In What’s your story? participants will learn to:

➢ Use stories to inspire action
➢ Define and enhance the story their brand tells
➢ Turn a dull story into a riveting one 
➢ Lead change with a new story
➢ Transform dead corporate values into living behaviors
➢ Think, speak and act out better stories

With a combination of cutting edge research, humor, entertaining stories and practical take-home tools, Justin will help your people master the ultimate form of influence. This is a spectacular, multi-media presentation that will inspire delegates to tell better stories to their team, customers and above all, themselves.

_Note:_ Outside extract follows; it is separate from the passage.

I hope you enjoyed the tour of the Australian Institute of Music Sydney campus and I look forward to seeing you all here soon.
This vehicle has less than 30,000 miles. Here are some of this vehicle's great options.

Justin is much more than a motivational speaker. He is informative and provides practical suggestions that go beyond short-term motivational hype.
Maxine Van Der Vyver, Senior Advertising Manager, Media 24

‘Justin delivered a powerful message that will have a long lasting effect on our people. We are experiencing early returns on our investment with a clear increase in sales numbers.

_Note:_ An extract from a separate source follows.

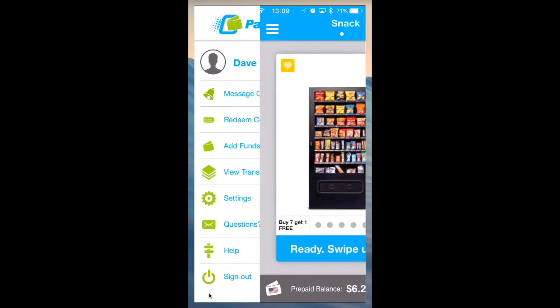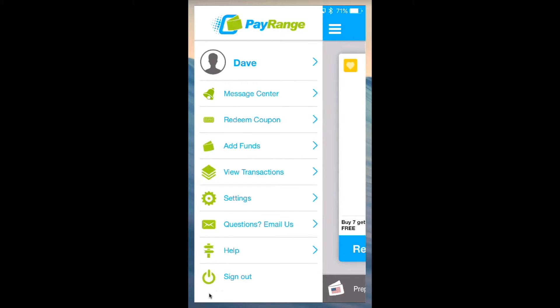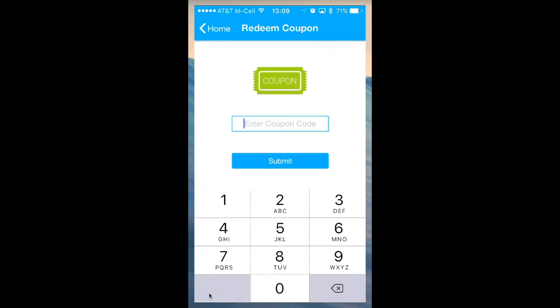Tap the top left corner of the app for the drop down menu and select Redeem Coupon. Enter the code provided. Click Submit once completed.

‘I think the standing ovation Justin got says it all!’
Leanne Burrows, Key Accounts Executive, Ster Kinekor 

Your story gives birth to your destiny. When you change your story about your life you can radically change the results you get. What we need to realise is that our story is not reality, it is just an interpretation. Take a look at how a new story can create a whole new life.

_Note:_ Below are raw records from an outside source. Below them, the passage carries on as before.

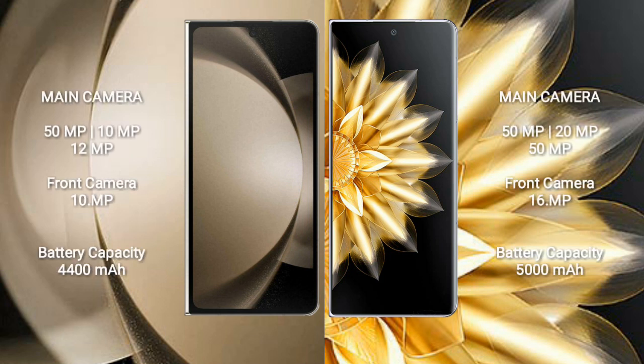Samsung Galaxy Z Fold 5 features a triple rear camera setup of 50MP plus 10MP plus 12MP, with a 10MP front camera. Honor Magic V2 features a triple rear camera setup of 50MP plus 20MP plus 50MP, with a 16MP front camera.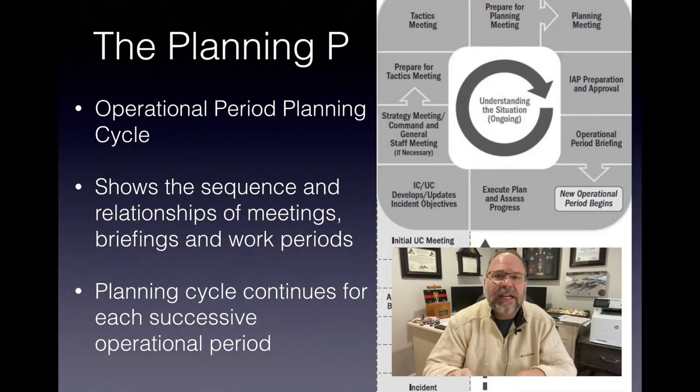The first thing we want to talk about is our planning P. We mentioned that in the initial episode, but today we really want to concentrate on how the planning P can be our roadmap, our time clock. It's full of reminders that can be used as a checklist of sorts. There are so many things it can offer for our success in these long-term incidents.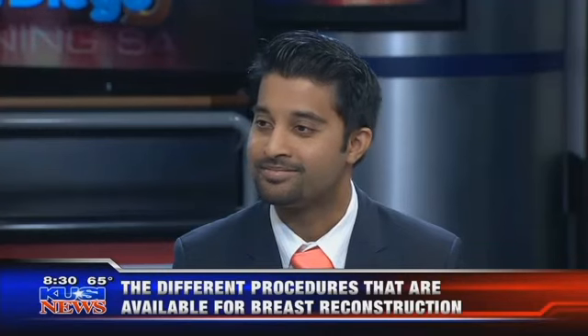Thank you so much for your time this morning. Thank you, Lisa. We really appreciate it in this Breast Cancer Awareness Month. We're going to take a quick break.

David worked in the frozen food distribution business as a packer. You couldn’t fault his work. He arrived on time, kept the refrigerators neatly stacked and always finished up by 4.30pm. He did everything his job demanded. That was the problem. If he was asked to do anything else he would look sullen and make up an excuse to get out of it. One day his manager, Barry sat him down, “David, you’ve been here four years, you’re a bright guy, you could be promoted. Instead you’re probably going to get fired.”

David looked confused, “I always do my job.”

“Do you want to get ahead?”

David shrugged.

“Do more than your job.” Barry indicated that the meeting was over.

David got up but hovered at the door.

“What’s it?” Barry asked.

“Sir, my father was a farm hand, he worked like a dog, sometimes the farmer wouldn’t even pay him. I was thirteen when I promised myself I was one black man who wouldn’t be anyone’s slave.”

Barry got up and leaned forward on the table, “You don’t work hard for me. You do it for you. In this world that’s the way you rise above slavery.”

The next day David arrived on time, finished earlier than usual and that’s when he did something he had never done before he asked admin if they could use an extra hand. By the end of the year he got a promotion. The following year he moved his kids to the best school in the neighbourhood.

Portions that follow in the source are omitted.